This project implements a UI detection model using FastAPI and PyTorch. The model is designed to analyze UI elements from images and return their properties in a structured JSON format. It leverages a custom neural network architecture for feature extraction and classification.
.
├── data
│ ├── annotations
│ │ └── screenshot1.json
│ └── images
├── models
│ └── uinet.py
├── src
│ ├── api
│ │ └── main.py
│ ├── data
│ │ └── dataset.py
│ └── train.py
├── requirements.txt
└── .gitignore
- data/annotations/screenshot1.json: Contains the annotations for UI elements in JSON format.
- data/images/: Directory to store images for training and analysis.
- models/uinet.py: Defines the
UIDetectionNet
class, which is the neural network architecture used for UI detection. - src/api/main.py: Contains the FastAPI application and the endpoint for analyzing images.
- src/data/dataset.py: Implements the
UIDataset
class for loading images and their corresponding annotations. - src/train.py: Script to train the model using the dataset.
- requirements.txt: Lists the dependencies required to run the project.

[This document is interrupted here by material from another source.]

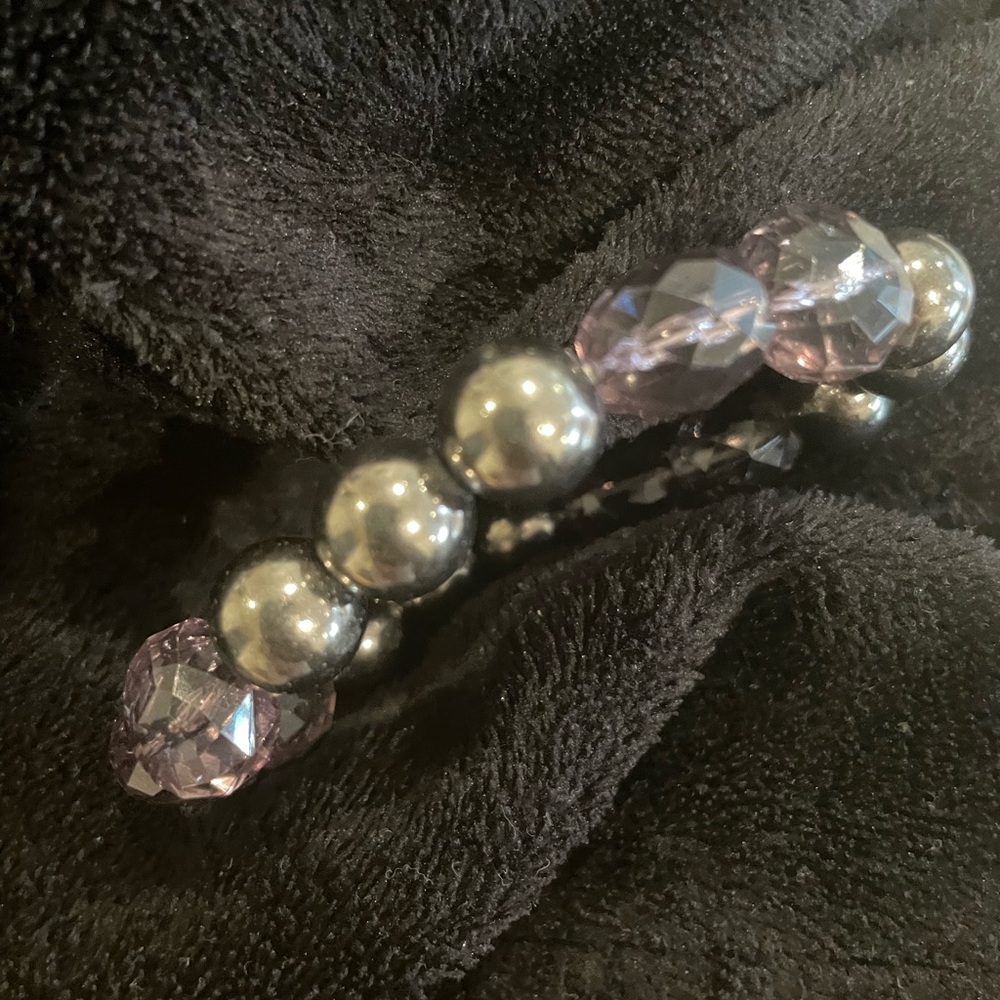 6-Piece Bracelet Stack Bundle Beaded & Rhinestone… - image 6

Make sure you have Python 3.8 or higher installed. You can create a virtual environment and install the required packages using the following commands:
# Create a virtual environment
python -m venv venv
# Activate the virtual environment
# On Windows
venv\Scripts\activate
# On macOS/Linux
source venv/bin/activate
# Install the required packages
pip install -r requirements.txt
To train the model, ensure that you have your images in the data/images
directory and the corresponding annotations in the data/annotations
directory. Then, run the following command:
python src/train.py
This will start the training process, and the model will be saved to models/trained_model.pth
after each epoch.
To start the FastAPI server, run the following command:
uvicorn src.api.main:app --reload
This will start the server at http://127.0.0.1:8000
. You can access the interactive API documentation at http://127.0.0.1:8000/docs
.
- POST /analyze: This endpoint accepts an image file and returns the detected UI elements in JSON format.
You can use tools like Postman or cURL to test the API. Here’s an example using cURL:
curl -X POST "http://127.0.0.1:8000/analyze" -F "file=@path_to_your_image.jpg"
The response will be a JSON object containing the detected UI elements:
{
"widgets": [
{
"type": "button",
"properties": {
"x": 100,
"y": 200,
"width": 120,
"height": 40,
"text": "Submit",
"style": {
"backgroundColor": "#007bff",
"color": "#ffffff"
}
}
}
]
}
- Ensure that your images and annotations are correctly formatted to avoid errors during training or analysis.
- You can modify the model architecture in
models/uinet.py
to experiment with different configurations.
Feel free to contribute to the project or raise issues if you encounter any problems!